Dataset entries -
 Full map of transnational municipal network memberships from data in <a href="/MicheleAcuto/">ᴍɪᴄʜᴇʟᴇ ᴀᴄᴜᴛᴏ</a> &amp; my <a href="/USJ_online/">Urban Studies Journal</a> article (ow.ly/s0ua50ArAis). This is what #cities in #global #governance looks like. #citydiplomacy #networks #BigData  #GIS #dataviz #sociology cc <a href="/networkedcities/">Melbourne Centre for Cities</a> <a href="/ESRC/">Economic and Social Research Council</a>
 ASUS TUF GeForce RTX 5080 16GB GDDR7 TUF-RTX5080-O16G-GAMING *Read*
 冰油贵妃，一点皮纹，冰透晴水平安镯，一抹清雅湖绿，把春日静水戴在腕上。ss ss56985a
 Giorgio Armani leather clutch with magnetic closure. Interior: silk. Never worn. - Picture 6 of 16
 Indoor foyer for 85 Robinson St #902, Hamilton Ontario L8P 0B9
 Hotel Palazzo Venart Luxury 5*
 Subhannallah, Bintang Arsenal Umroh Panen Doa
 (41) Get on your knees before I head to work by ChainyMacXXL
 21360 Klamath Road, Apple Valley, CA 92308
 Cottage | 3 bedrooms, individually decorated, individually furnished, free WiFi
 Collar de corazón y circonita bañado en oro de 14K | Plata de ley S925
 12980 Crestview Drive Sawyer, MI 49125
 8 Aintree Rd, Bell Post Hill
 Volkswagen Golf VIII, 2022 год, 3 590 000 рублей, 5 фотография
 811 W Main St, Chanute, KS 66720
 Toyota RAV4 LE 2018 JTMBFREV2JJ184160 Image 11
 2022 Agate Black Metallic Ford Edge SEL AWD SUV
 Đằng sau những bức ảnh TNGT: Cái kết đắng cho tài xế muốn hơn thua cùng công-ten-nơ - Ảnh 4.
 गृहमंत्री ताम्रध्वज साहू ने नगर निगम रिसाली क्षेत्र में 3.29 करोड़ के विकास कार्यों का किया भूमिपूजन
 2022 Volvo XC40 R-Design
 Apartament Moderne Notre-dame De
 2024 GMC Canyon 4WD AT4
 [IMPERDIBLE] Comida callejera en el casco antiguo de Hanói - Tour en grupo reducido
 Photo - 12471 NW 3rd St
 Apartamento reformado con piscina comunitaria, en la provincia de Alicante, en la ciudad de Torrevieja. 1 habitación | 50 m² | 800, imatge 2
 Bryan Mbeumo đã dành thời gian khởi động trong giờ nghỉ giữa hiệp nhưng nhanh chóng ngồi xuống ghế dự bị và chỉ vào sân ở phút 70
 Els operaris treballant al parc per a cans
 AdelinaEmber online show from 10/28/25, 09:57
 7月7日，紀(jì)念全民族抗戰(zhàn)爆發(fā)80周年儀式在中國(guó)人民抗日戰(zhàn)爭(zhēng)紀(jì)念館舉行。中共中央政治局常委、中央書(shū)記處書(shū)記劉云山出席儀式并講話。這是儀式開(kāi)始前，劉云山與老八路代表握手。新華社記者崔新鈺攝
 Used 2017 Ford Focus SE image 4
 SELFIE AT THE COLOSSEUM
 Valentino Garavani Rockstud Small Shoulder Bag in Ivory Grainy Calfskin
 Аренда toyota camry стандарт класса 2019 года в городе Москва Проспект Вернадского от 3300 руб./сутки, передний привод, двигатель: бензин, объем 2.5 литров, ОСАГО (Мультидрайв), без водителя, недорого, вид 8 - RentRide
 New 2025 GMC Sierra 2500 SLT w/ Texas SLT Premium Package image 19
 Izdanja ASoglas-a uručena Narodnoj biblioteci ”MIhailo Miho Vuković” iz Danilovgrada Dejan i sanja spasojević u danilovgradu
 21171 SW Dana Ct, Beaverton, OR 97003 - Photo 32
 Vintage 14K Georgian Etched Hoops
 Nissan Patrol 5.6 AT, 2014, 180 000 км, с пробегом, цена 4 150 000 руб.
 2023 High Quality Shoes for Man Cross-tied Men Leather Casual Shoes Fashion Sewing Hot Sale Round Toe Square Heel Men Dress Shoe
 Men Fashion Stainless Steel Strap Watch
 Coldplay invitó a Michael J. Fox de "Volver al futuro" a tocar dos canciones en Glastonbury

Aim of the exercise -
Each record must be output word for word.

Task response -
 Full map of transnational municipal network memberships from data in <a href="/MicheleAcuto/">ᴍɪᴄʜᴇʟᴇ ᴀᴄᴜᴛᴏ</a> &amp; my <a href="/USJ_online/">Urban Studies Journal</a> article (ow.ly/s0ua50ArAis). This is what #cities in #global #governance looks like. #citydiplomacy #networks #BigData  #GIS #dataviz #sociology cc <a href="/networkedcities/">Melbourne Centre for Cities</a> <a href="/ESRC/">Economic and Social Research Council</a>
 ASUS TUF GeForce RTX 5080 16GB GDDR7 TUF-RTX5080-O16G-GAMING *Read*
 冰油贵妃，一点皮纹，冰透晴水平安镯，一抹清雅湖绿，把春日静水戴在腕上。ss ss56985a
 Giorgio Armani leather clutch with magnetic closure. Interior: silk. Never worn. - Picture 6 of 16
 Indoor foyer for 85 Robinson St #902, Hamilton Ontario L8P 0B9
 Hotel Palazzo Venart Luxury 5*
 Subhannallah, Bintang Arsenal Umroh Panen Doa
 (41) Get on your knees before I head to work by ChainyMacXXL
 21360 Klamath Road, Apple Valley, CA 92308
 Cottage | 3 bedrooms, individually decorated, individually furnished, free WiFi
 Collar de corazón y circonita bañado en oro de 14K | Plata de ley S925
 12980 Crestview Drive Sawyer, MI 49125
 8 Aintree Rd, Bell Post Hill
 Volkswagen Golf VIII, 2022 год, 3 590 000 рублей, 5 фотография
 811 W Main St, Chanute, KS 66720
 Toyota RAV4 LE 2018 JTMBFREV2JJ184160 Image 11
 2022 Agate Black Metallic Ford Edge SEL AWD SUV
 Đằng sau những bức ảnh TNGT: Cái kết đắng cho tài xế muốn hơn thua cùng công-ten-nơ - Ảnh 4.
 गृहमंत्री ताम्रध्वज साहू ने नगर निगम रिसाली क्षेत्र में 3.29 करोड़ के विकास कार्यों का किया भूमिपूजन
 2022 Volvo XC40 R-Design
 Apartament Moderne Notre-dame De
 2024 GMC Canyon 4WD AT4
 [IMPERDIBLE] Comida callejera en el casco antiguo de Hanói - Tour en grupo reducido
 Photo - 12471 NW 3rd St
 Apartamento reformado con piscina comunitaria, en la provincia de Alicante, en la ciudad de Torrevieja. 1 habitación | 50 m² | 800, imatge 2
 Bryan Mbeumo đã dành thời gian khởi động trong giờ nghỉ giữa hiệp nhưng nhanh chóng ngồi xuống ghế dự bị và chỉ vào sân ở phút 70
 Els operaris treballant al parc per a cans
 AdelinaEmber online show from 10/28/25, 09:57
 7月7日，紀(jì)念全民族抗戰(zhàn)爆發(fā)80周年儀式在中國(guó)人民抗日戰(zhàn)爭(zhēng)紀(jì)念館舉行。中共中央政治局常委、中央書(shū)記處書(shū)記劉云山出席儀式并講話。這是儀式開(kāi)始前，劉云山與老八路代表握手。新華社記者崔新鈺攝
 Used 2017 Ford Focus SE image 4
 SELFIE AT THE COLOSSEUM
 Valentino Garavani Rockstud Small Shoulder Bag in Ivory Grainy Calfskin
 Аренда toyota camry стандарт класса 2019 года в городе Москва Проспект Вернадского от 3300 руб./сутки, передний привод, двигатель: бензин, объем 2.5 литров, ОСАГО (Мультидрайв), без водителя, недорого, вид 8 - RentRide
 New 2025 GMC Sierra 2500 SLT w/ Texas SLT Premium Package image 19
 Izdanja ASoglas-a uručena Narodnoj biblioteci ”MIhailo Miho Vuković” iz Danilovgrada Dejan i sanja spasojević u danilovgradu
 21171 SW Dana Ct, Beaverton, OR 97003 - Photo 32
 Vintage 14K Georgian Etched Hoops
 Nissan Patrol 5.6 AT, 2014, 180 000 км, с пробегом, цена 4 150 000 руб.
 2023 High Quality Shoes for Man Cross-tied Men Leather Casual Shoes Fashion Sewing Hot Sale Round Toe Square Heel Men Dress Shoe
 Men Fashion Stainless Steel Strap Watch
 Coldplay invitó a Michael J. Fox de "Volver al futuro" a tocar dos canciones en Glastonbury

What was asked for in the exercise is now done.